Con el mawashi (la característica prenda de lona que visten para el combate) ajustado, con el chonmage sobre la cabeza (el moño que llevan para atarse el pelo) o con la voluminosa figura que parece rebozar de piel por todas partes. Silueta distinguida, apariencia pintoresca, se los identifica a simple vista. Son los luchadores de sumo, de los que muchos saben, pero pocos conocen en profundidad.
Con un andar cansino y un aspecto pesado, se los admira por sus destrezas al subir al dohyo, el anillo sagrado donde se desarrollan las contiendas. La fuerza, la potencia, la estabilidad y la resistencia en el ring caracteriza a cada contrincante (llamado rikishi, en la jerga de su mundo). Tales habilidades que se corresponden a una ardua preparación.
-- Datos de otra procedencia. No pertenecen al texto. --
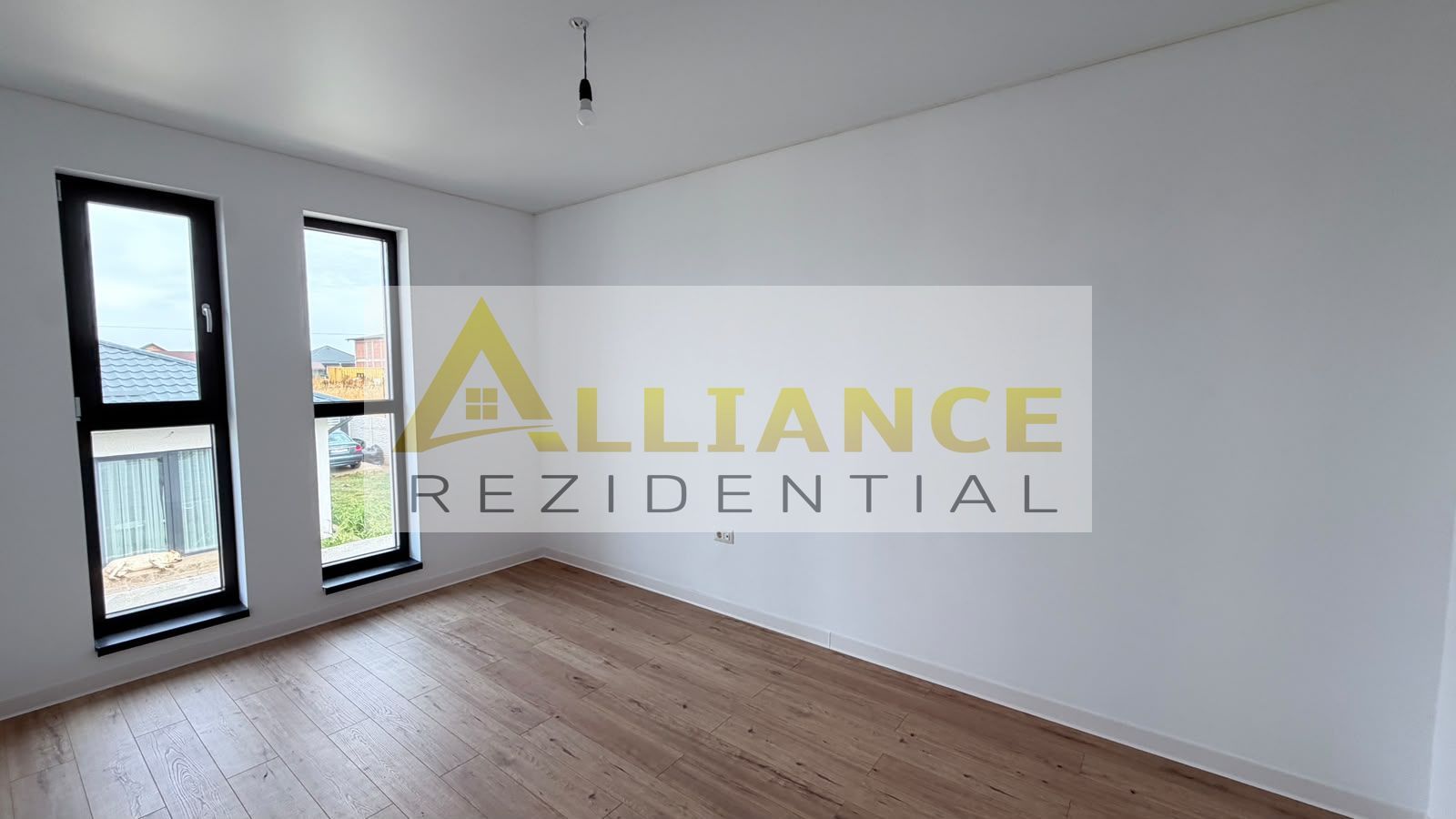 Casa Individuala - 4 camere - 2 bai - 450 mp teren - Poză 9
El afamado deporte oriental tiene sus especiales requerimientos. Detrás de la corpulencia y las capacidades hay un mundo de sacrificio y exigencia. Un mundo en el que los luchadores, por ejemplo, llevan una dieta estricta de 8.000 calorías, dos sesiones de entrenamiento diario y duermen con máscara de oxígeno. Son costumbres necesarias para desenvolverse en el campo. Para formar parte de una de las tradiciones milenarias del Japón.
Los practicantes se concentran en centros especiales de entrenamiento. Allí conviven y se entrenan. Se forman como luchadores y como personas. Un reportero de Reuters se adentró en la intimidad de uno de estos establecimientos. Pasó un día completo en el templo budista de Ganjoji Yakushido, en Nagoya, para saber cómo era una jornada habitual.
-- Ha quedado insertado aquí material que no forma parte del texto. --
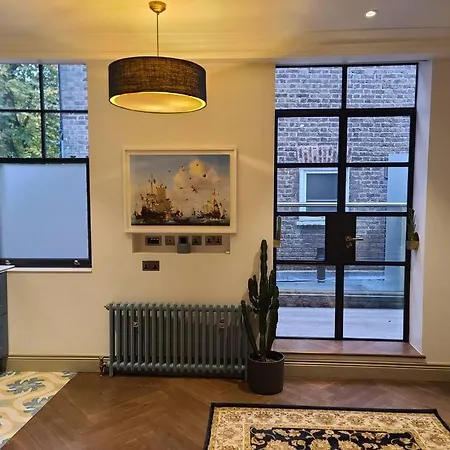 New Boutique Ground Floor Apartment London Exterior photo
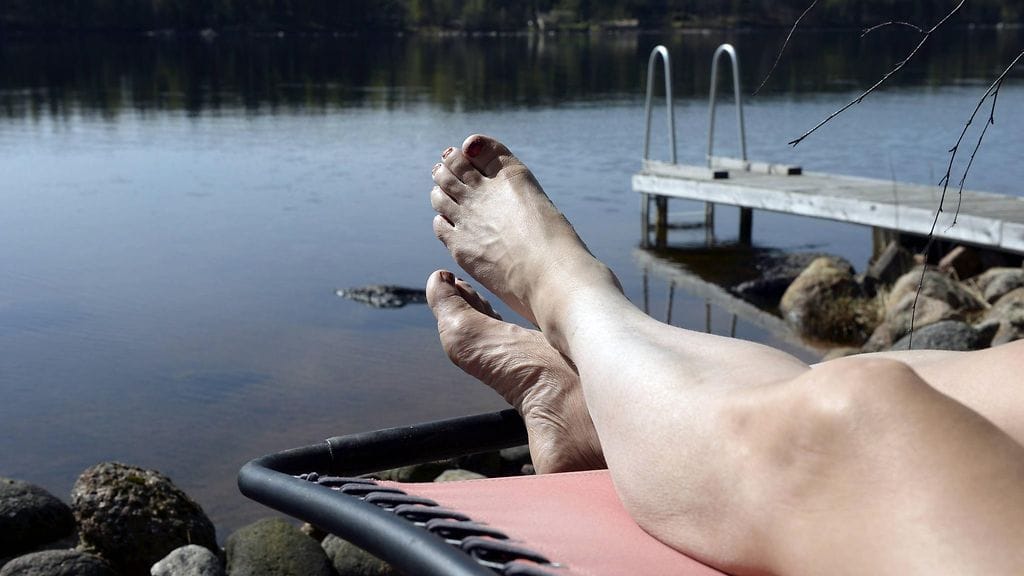 Huomenna maanantaina etelässä nautitaan vielä yleisesti yli 20 asteen lukemista. Huomenna siis tämän päivän lämpimät asteet voivat vielä rikkoutua. 
Pohjoisessa kuitenkin jo viilenee.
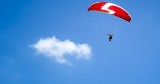 W dramatycznym wypadku w Gliwicach zginął 47-letni skoczek spadochronowy. "To wstrząs dla całego środowiska". Poznaliśmy nowe fakty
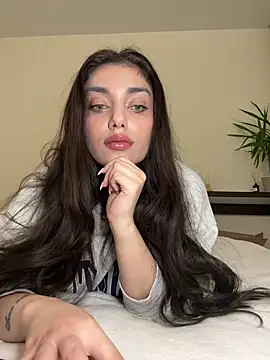 Snapshot of Sweet_Khalifa_ chatting on February 2025 03:48:02 PM Sweet Khalifa  online show from February 2025 03:48:02 PM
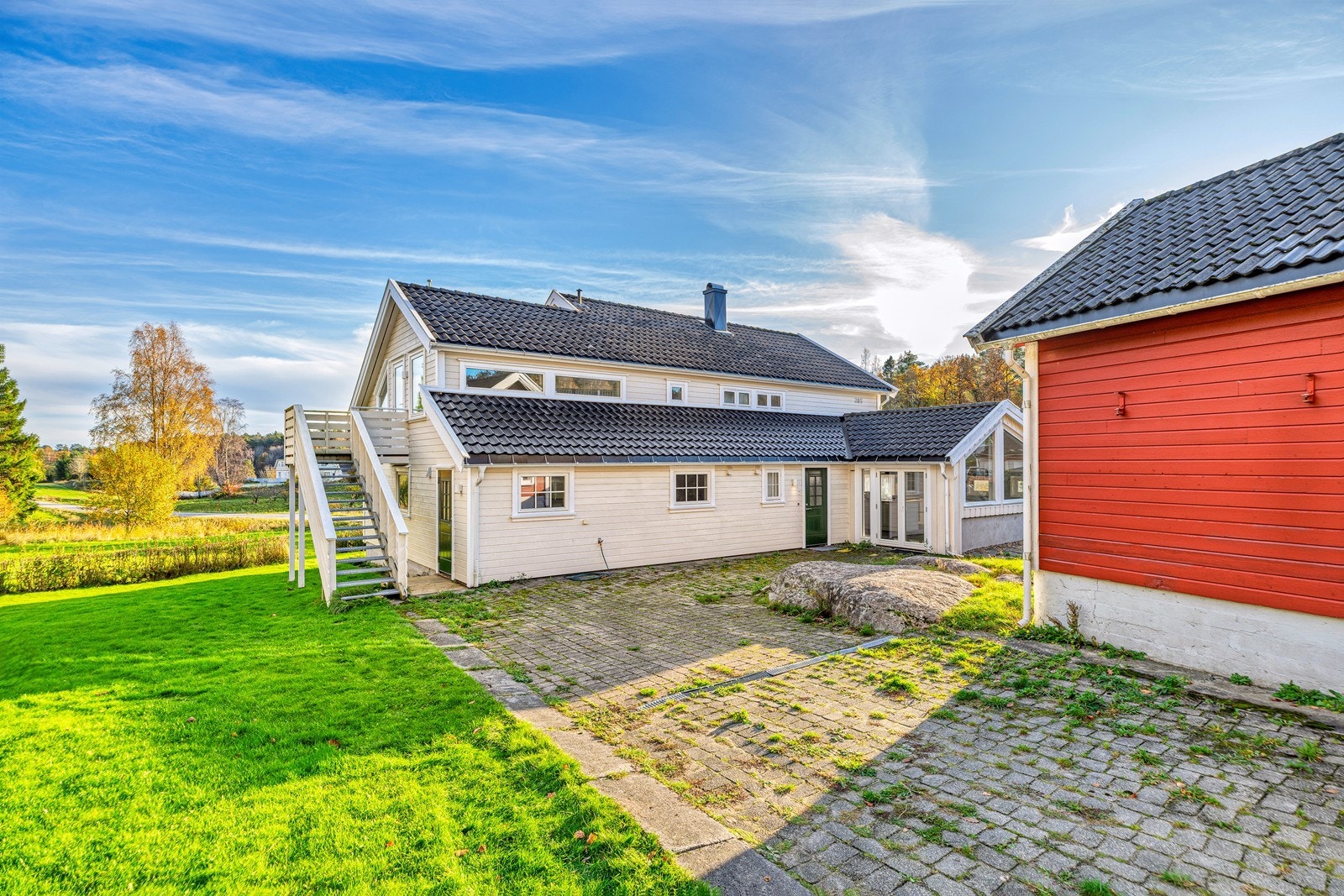 Eiendommen byr på meget koselige uteområder Galleribilde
El día comienza muy temprano. A las 7:30 da inicio la primera sesión de entrenamiento. No desayunan para ralentizar el metabolismo y aumentar el apetito. La práctica matinal se extiende hasta tres horas, un período donde la intensidad se adueña de la situación. El principio de un combate consiste en que el primero que cae, toca la lona con otra parte del cuerpo que no sea la planta del pie o sale directamente de ella, pierde. Entonces focalizan el adiestramiento en las clásicas tomas reglamentarias.
Apenas concluida la rutina de ejercicio, los once luchadores que residen en Tomozuna reciben su primera comida. Los más jóvenes son quienes deben encargarse de preparar el menú potente, suculento, acorde a sus requerimientos físicos, que incluye pie de cerdo, sardinas fritas, arroz y un potaje especial ultracalórico que denominan chanko nabe. No se escatiman alimentos, ya que no desayunan para ralentizar el metabolismo y aumentar el apetito. Al no haber un límite de peso en el deporte, los competidores buscan la ventaja a través del tamaño.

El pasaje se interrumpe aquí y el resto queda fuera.